### TASK TO COMPLETE
Only one stretch of the records below is wanted: the lines from the one holding "Getting Unstuck from" through the one holding "Suzanne: 5, rue". Return it exactly, both ends included.

### DATA FOR PROCESSING
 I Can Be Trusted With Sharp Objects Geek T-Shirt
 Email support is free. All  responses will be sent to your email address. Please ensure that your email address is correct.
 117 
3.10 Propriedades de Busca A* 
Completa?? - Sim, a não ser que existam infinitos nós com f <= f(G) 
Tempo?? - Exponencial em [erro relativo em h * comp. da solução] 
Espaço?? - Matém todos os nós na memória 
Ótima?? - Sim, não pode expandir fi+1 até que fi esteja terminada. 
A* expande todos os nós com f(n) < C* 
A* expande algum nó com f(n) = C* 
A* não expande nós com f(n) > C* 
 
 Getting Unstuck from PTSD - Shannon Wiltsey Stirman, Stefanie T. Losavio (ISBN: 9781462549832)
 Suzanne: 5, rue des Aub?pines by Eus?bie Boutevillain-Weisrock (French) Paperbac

...

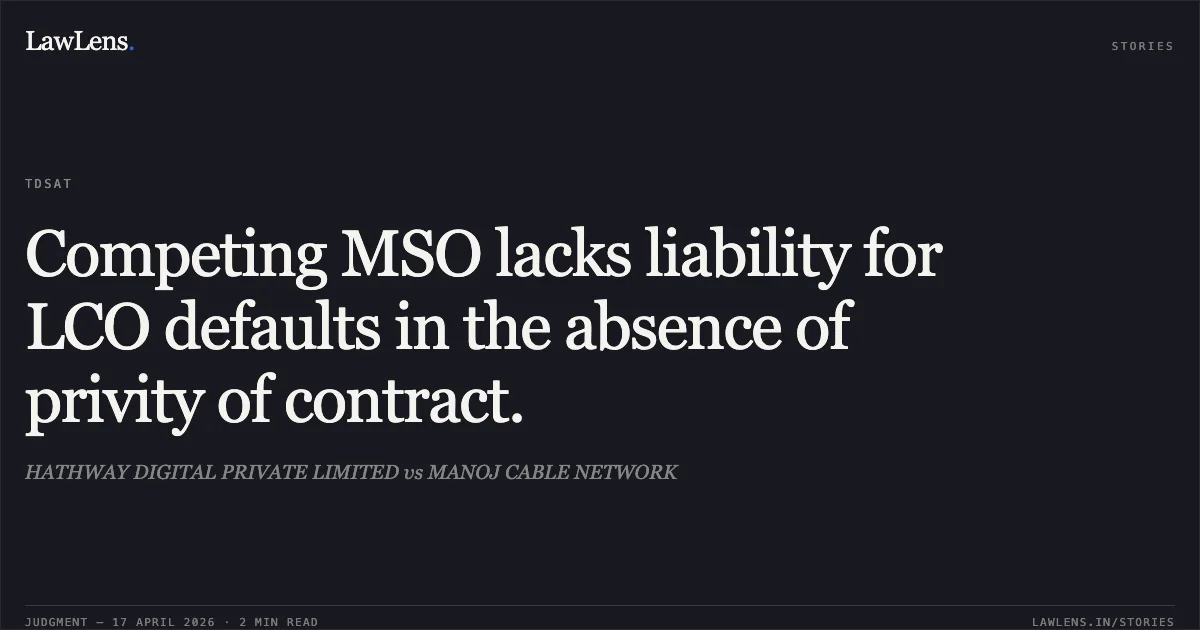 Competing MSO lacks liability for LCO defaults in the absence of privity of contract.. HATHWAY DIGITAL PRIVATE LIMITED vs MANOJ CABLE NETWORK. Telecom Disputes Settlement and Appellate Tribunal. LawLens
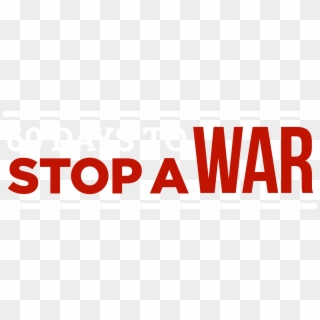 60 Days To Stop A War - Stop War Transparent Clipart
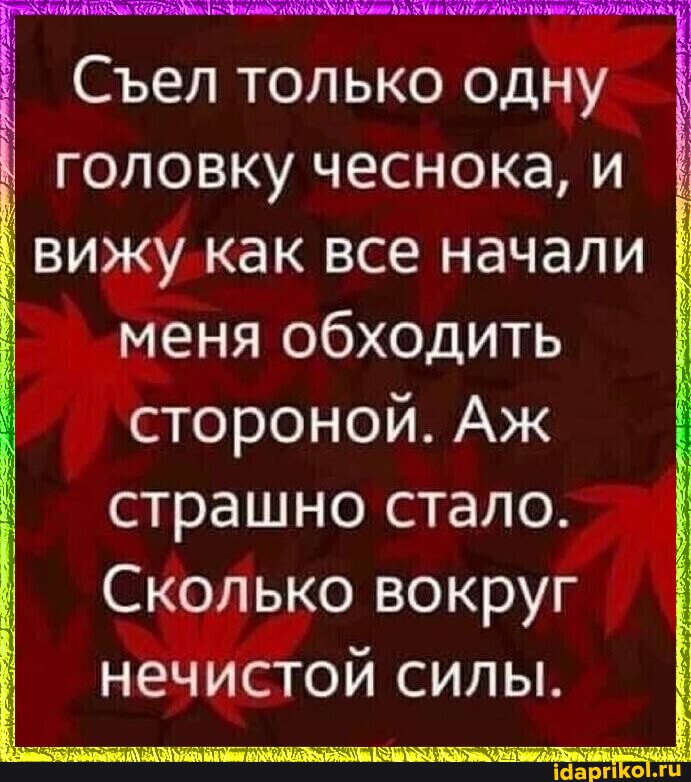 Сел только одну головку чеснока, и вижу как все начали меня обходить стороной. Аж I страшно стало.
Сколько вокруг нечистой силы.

### SOLUTION TO THIS TASK
 Getting Unstuck from PTSD - Shannon Wiltsey Stirman, Stefanie T. Losavio (ISBN: 9781462549832)
 Suzanne: 5, rue des Aub?pines by Eus?bie Boutevillain-Weisrock (French) Paperbac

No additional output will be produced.